Brüssel verdient ein Bravo für neue Steuer
Die EU nimmt die irre Zockerei mit den eigenen Waffen ins Visier
Im Jahr 5 nach dem fast letalen Crash der Finanzwirtschaft macht die EU ernst: Hochspekulative Derivate werden in elf Ländern, allen voran auch in Österreich, besteuert. Die Finanzministerin jubelt: „Ein großer Verhandlungserfolg für Österreich.“ Der Kanzler freut sich: „Ein Schritt in die richtige Richtung.“ Selbst der Wirtschaftskammerchef applaudiert der Einführung einer neuen Steuer: „Ein wichtiger Beitrag gegen schädliche Spekulation und fürs Budget.“
Einhelliger Applaus für Good News aus der EU ist selbst in der Regierung selten geworden. Die dürre Faust gestreckt gegen Europa gehörte hierzulande bisher zum Standard-Repertoire von Fundamental-Oppositionsführern wie Strache & Stronach. Neuerdings versucht sich ausgerechnet EU-Staatssekretär Reinhold Lopatka als Leithammel der Schlechte-Stimmung-Macher. Zuletzt agitierte er gegen Österreichs EU-Nettozahlungen nach Brüssel derart heftig, dass ihm selbst Parteifreunde dazwischenfuhren. „Ziemlich unangebracht“, findet Ex-VP-Grande Franz Fischler Lopatkas Nörgelei.
Über die neue EU-Finanztransaktionssteuer muss man ja nicht gleich in Jubel ausbrechen. Der Promilleanteil, den Fekter & Co künftig auf spekulative Geschäfte draufschlagen, wird diesen nicht den Garaus machen. Aber die Steuer wird hemmungslose Zocker, die längst in Millisekunden dealen und in Promille-Gewinnspannen kalkulieren, mit den eigenen Waffen ins Visier nehmen.

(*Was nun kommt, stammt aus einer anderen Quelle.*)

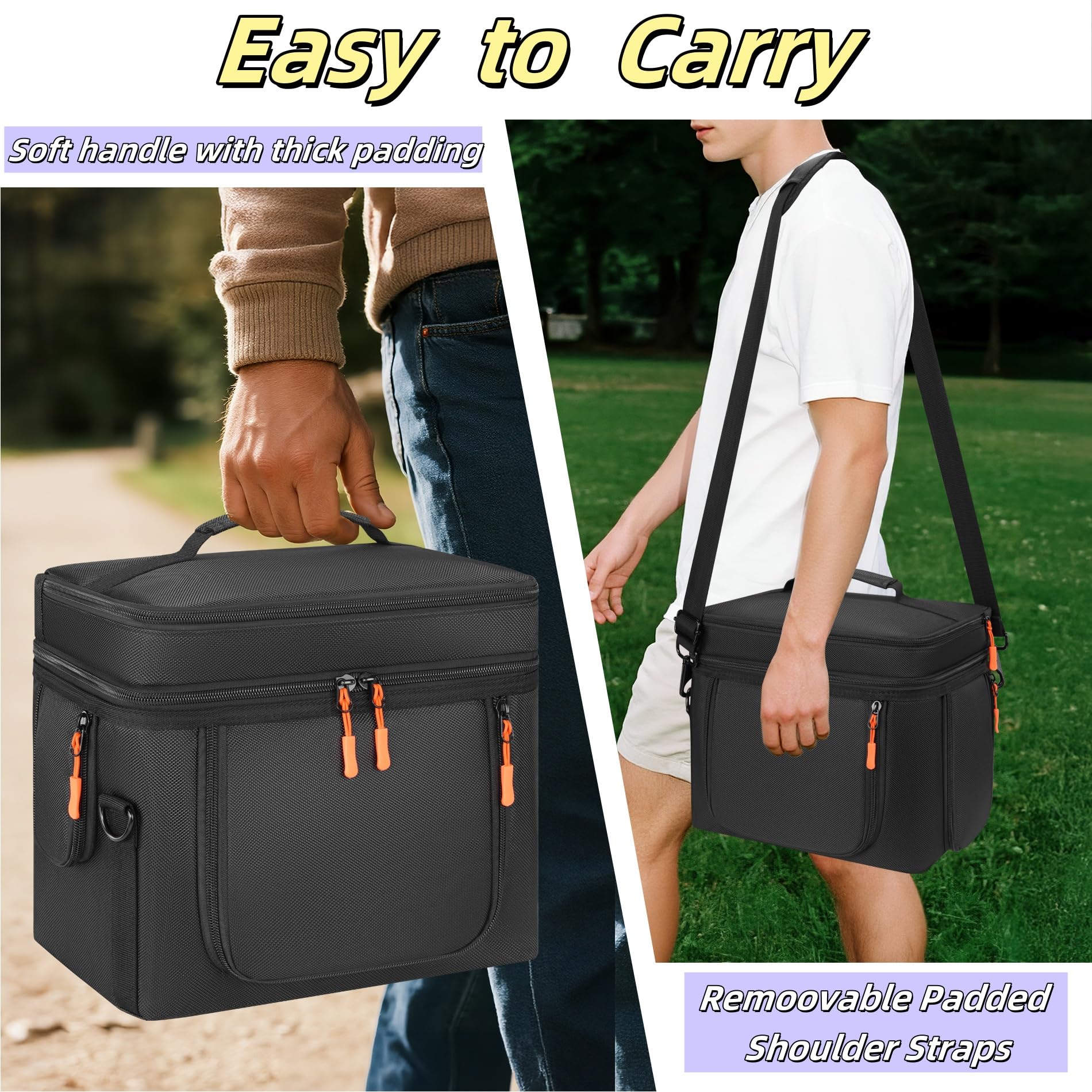 Cxinesbag reinforced bottom detail showing wear-resistant protection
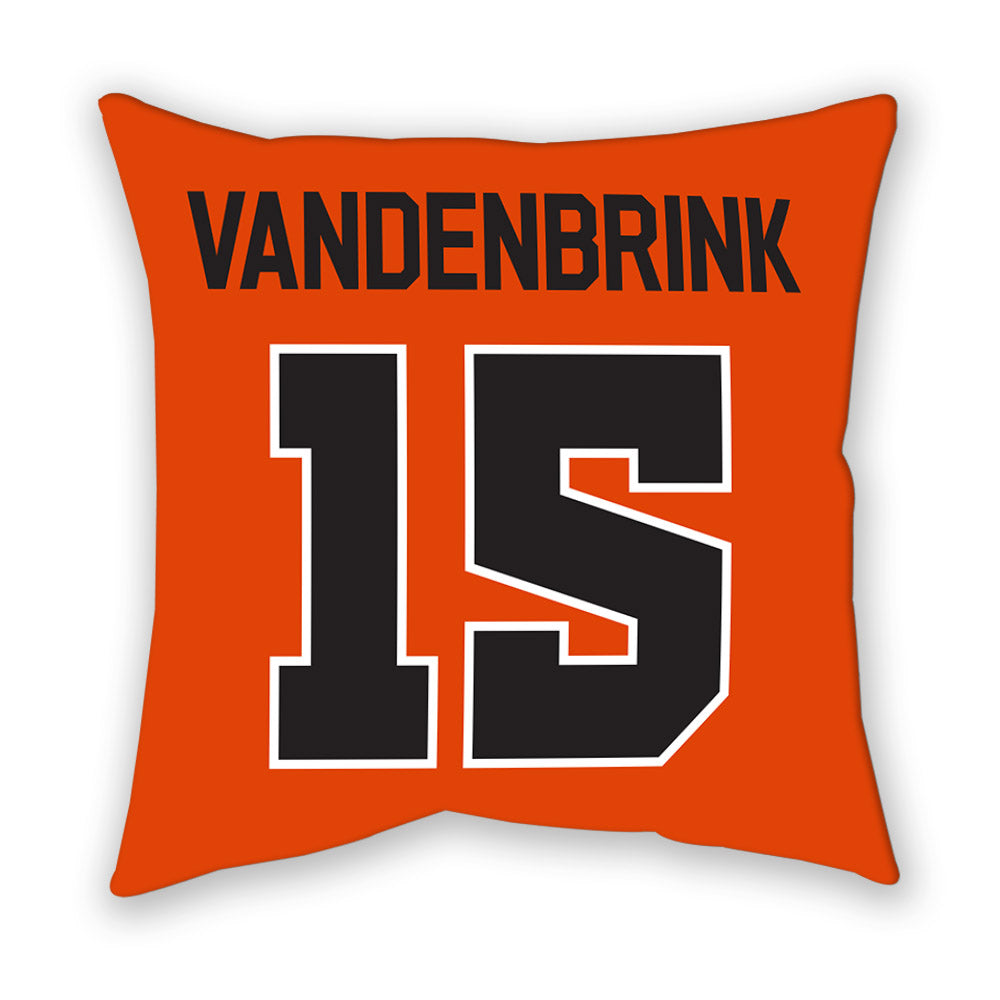 Oregon State - NCAA Baseball : Ryan VandenBrink - Pillow-1
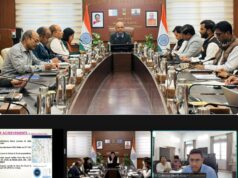 DEPT OF DRINKING WATER & SANITATION HOLDS 6TH DISTRICT COLLECTORS’ ‘PEYJAL SAMVAD’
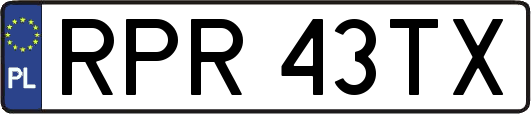 RPR43TX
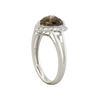 Image 3 : Platinum 2.01ct Natural Fancy Color Diamond Ring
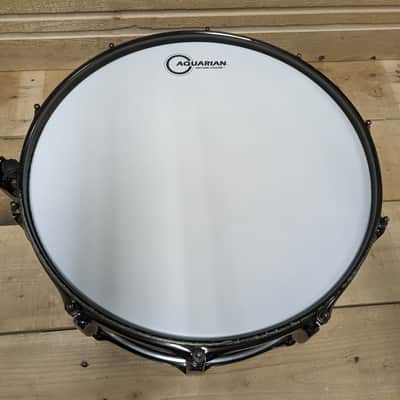 Tama Metalworks 14x5.5 steel snare drum  - grey image 13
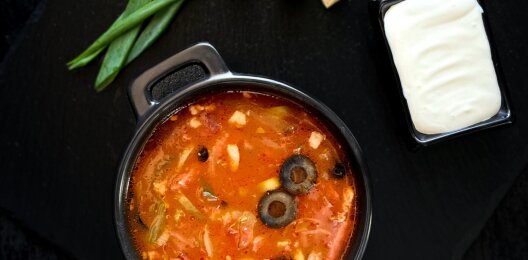 Солянка мясная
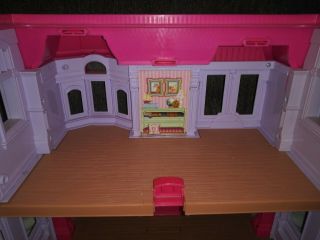 2010 Fisher Price Loving Family Grand Mansion Dollhouse w/ People & Furniture 4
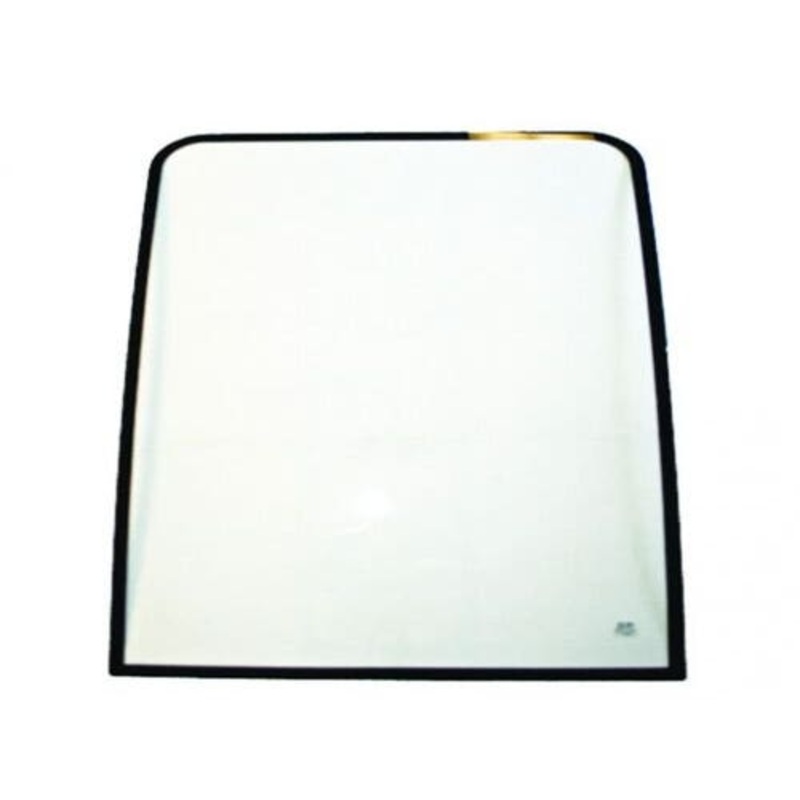 Cab Glass - Windshield Upper fits John Deere 120 120C 160C LC 200CLC 210 230CLC 270CLC 330CLC 370C 450CLC 4602562 fits Hitachi ZX200 Zaxis 200LC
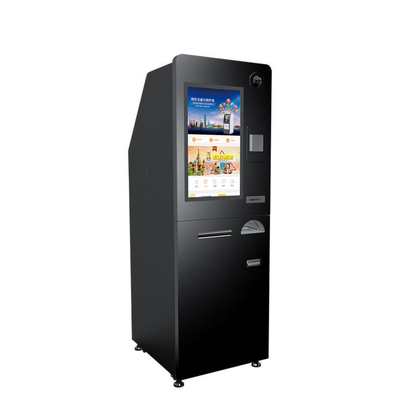 17 дюймов автоматизировал кренить машина Atm обмена валюты машины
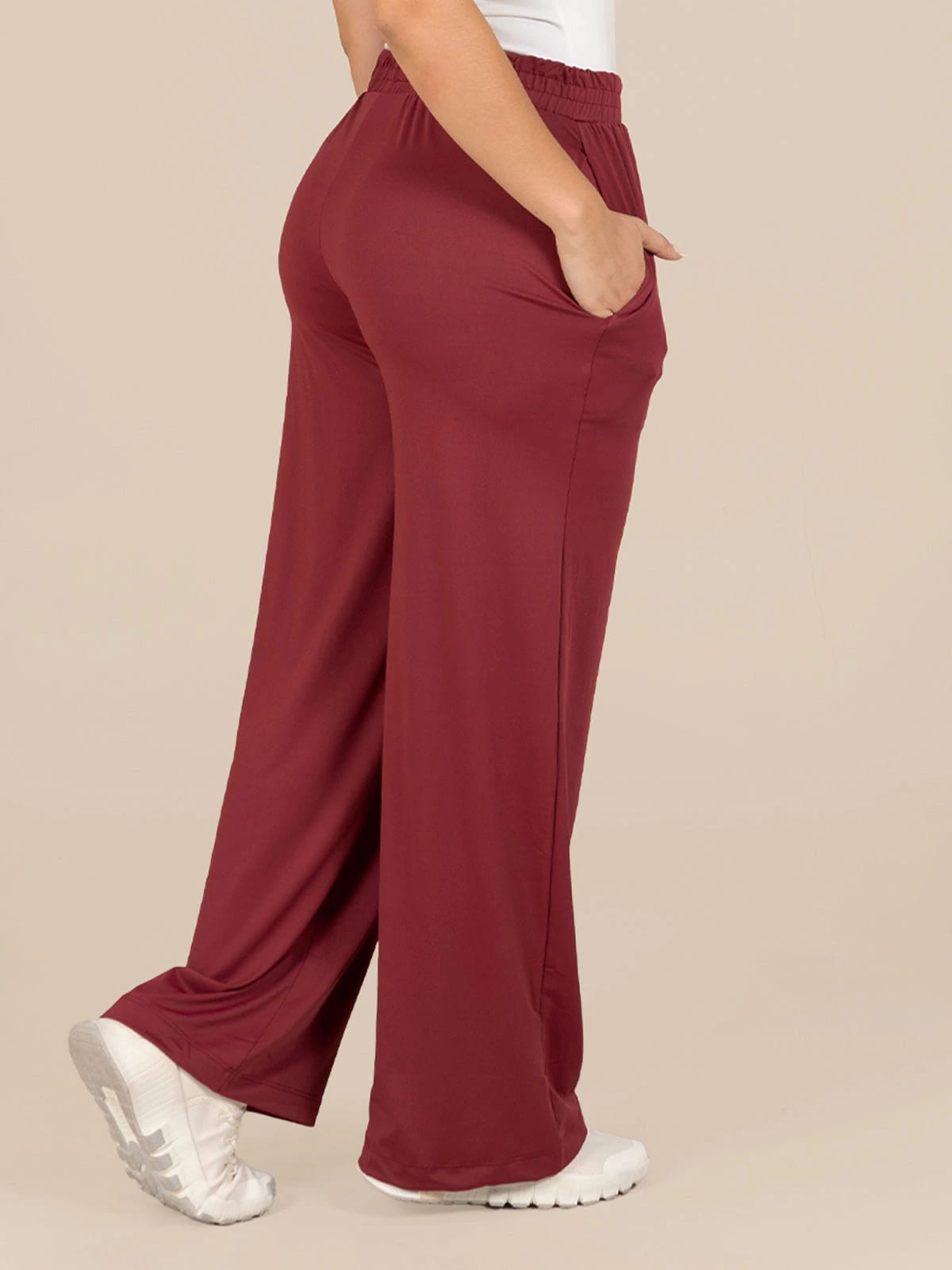 Sahay pantalon vinotinto - imagen 2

Im spekulativen Hochfrequenzhandel wird neuerdings in 60 statt 65 Millisekunden gedealt. Im Vorjahr wurden deshalb zwischen New York und London 6000 km neue Unterseekabel verlegt, um diese paar Millisekunden zu gewinnen. Die dafür investierten hundert Millionen Dollar werden sich jetzt langsamer rechnen.